お茶でもいかが?と精一杯の笑みを浮かべて誘われ、少し迷ったが頷いた。墓地を出て少し歩くと、アイリスブルーの屋根のカフェが見えてきた。案内された街路樹の紅葉がよく見えるオープンテラスは、暖かい陽射しに満ちていた。


「エリシア、大佐に御迷惑をかけては駄目」
「だってローイがいいんだもん」


1人の席に座るのが落ち着かないのか、エリシアは私の膝に座りたがった。ヒューズに似ているところがあるだろうか。面立ちはあまり似ていないように思う。もしあるとしたら、この物怖じしない人懐っこさだろうか。

私はグレイシアに構わないと笑って、エリシアを膝に抱き上げた。エリシアは嬉しそうに私の軍服の胸に頬を擦り寄せた。



「パパ」



軍服が。仕事明けとはいえ、配慮を欠いたと胸を突かれた。



「パパの服」



柔らかい頬を肩から吊るした飾緒に寄せ、黒羅紗の外套を両手で握り、エリシアは安心したように目を瞑る。



「…ごめんなさい」

先に謝られて、私は返答に弱る。

「いいえ、私こそ考えの足らないことを」

「まだ分かっていないんだわ。“死”なんて三歳には難しすぎるのかしらね」


あんなに愛してくれていた存在が、突然永遠に消えてしまうなんて。はっきり分からない方が幸せなのかもしれない。失ってしまった存在の大きさに、ずっと喪失感を抱えて生きるよりは。

グレイシアと同じ色の髪を撫でた。案外に張りのある髪に、梳き入れた指が怯む。驚くほど同じだった、何度もこの指を縋らせたあの黒い髪と。


私の僅かな動揺さえ見通すように、愛らしい未亡人カップを片手にちいさく笑った。


「……私、ずっと貴方のことが憎らしかったわ」


声にはどこか清々とした響きすらあって、私もゆっくりと笑い返した。


「奇遇ですね、私もですよ」


寝惚けたエリシアの手が、軍服の襟の返しを確かめるように撫でた。


「今でも思うの。

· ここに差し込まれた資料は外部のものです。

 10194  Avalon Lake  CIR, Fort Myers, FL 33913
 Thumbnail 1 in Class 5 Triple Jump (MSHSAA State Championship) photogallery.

あの人は本当は生きていて…。貴方がどこかにかくしてしまったんじゃないかって」


ちいさな忘れ形見の額、その髪の生え際をそっと撫でながら、目を伏せて薄く笑う。


「……そうだったらどんなにいいかと思いますよ」


本当にそうだったら。視線を合わせると、彼女は優しく目を細めた。そんな僅かな表情が、ヒューズに似ている気がした。一緒に暮していると仕種さえ似てくると言うけれど。私達は声に出さず、ひっそりとした微笑みで互いの虚無を慰撫しあった。死は一瞬の現象ではない。そこへ至るまでの当人と周囲の苦悩と悲哀、そして死した者が去った後の埋められない寂寥。


人の死は次第に忘れられる。それは薄情なことではなく、防衛本能だ。ずっとその空白を意識していては、精神が病んでしまう。ヒューズの葬儀で涙を零したたくさんの参列者も、少しずつこの愛すべき男を忘れていくだろう。しかしこの母娘にとって、それは一生、忘れようのないことなのだ。日常のすべてにもういない男の影を見るだろう。

そして私も。




「いいわ。なら暫く貴方に預けていると思うわ」


彼女は独白のように呟いて綺麗に笑うと、華奢なカップをソーサーに戻した。その小さな音でエリシアが目を覚ます。


「今日はありがとうございました。そろそろ戻ります。
 ……貴方の抱き方、あの人にそっくり」


悪戯げな表情を作って微笑むと、グレイシアは立ち上がり娘を促した。エリシアは少し戸惑ったような顔をしていたが、私の頬にキスをして膝を降りた。


「ローイ、また遊びにきて。
 おもちゃいっぱいもらったの」


それが父を失った幼い子を慰めるためのプレゼントだとは、きっと思いもしない愛らしい笑顔でそう言うと、エリシアは母親の手を握った。頷く私に会釈して、母娘はカフェから見通せる街路樹の下を歩き去った。



「…それでも私は」


幸福という名の誰よりも愛された娘。
あの男が最後に何処よりも帰りたかっただろう暖かい家。


「貴方が羨ましいことがあったんですよ」


今年は寒くなるだろう。寒ければ寒いほど、何度もお前を思い出すだろう。

冷たくなった珈琲を一口飲んで、私は追憶を胸に沈めた。